Beth Kelly is a freelance science writer with a strong interest in nuclear power and its potential as a clean energy source. A graduate of DePaul University, she is currently based out of Chicago, Ill. Find her on Twitter at @bkelly_88.
Nuclear Desalination: Technology for a Thirsty Planet
As the world's population booms, its resources struggle to keep pace. Water scarcity is one of the most important issues to be confronted by global communities in the years ahead-already an increasingly vast number of regions worldwide face chronic water shortages, and with demand projected to grow an additional 40 percent by 2050, the threat of violence over access to clean drinking water is both a real and urgent one. With shifting climate patterns further exacerbating the problem, investing in economically-efficient and sustainable water utilization tactics immediately is crucial.

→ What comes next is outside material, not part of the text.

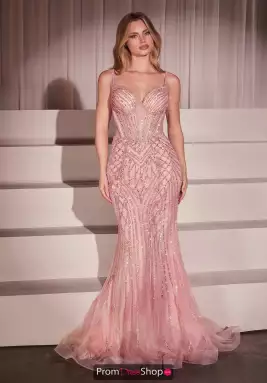 La Divine by Cinderella Dress CD759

Accelerated urban development and agricultural intensification has brought social and economic benefits, but our ecosystems have paid the price. Groundwater systems that constitute the predominant reserves of freshwater on Earth are threatened by contaminants and pollution, the effects of hydraulic fracking, and a lack of effective management strategies. Many of the world's aquifers face degradation and imminent depletion. While better water conservation and pollutant monitoring can help control the issue, now sources of freshwater-such as seawater desalination-will also assist in alleviating current and projected water stress.
Based on current statistics, only 1 percent of the global population receives water from desalination. However, the United Nations expects 14 percent of the global population to receive water from desalination by 2025. The desalination of water has been practiced for years, but until recent years high economic and energy costs have made it a largely prohibitive solution. Now, with new technological advances and greater freshwater scarcity fueling demand, it's likely that the process of nuclear desalination will play an increasingly important role coming into the future.
On paper, desalination sounds straightforward-essentially there are two main methods through which the process is completed. In a membrane desalination process, saltwater is pumped through pipes and then through specially designed membranes that allow the water molecules to pass through but trap the bigger salt molecules. There are several kinds of membrane desalination processes with the most common type using reverse osmosis to filter out the salt. In a thermal process, the saltwater is boiled and the vapor condenses as freshwater.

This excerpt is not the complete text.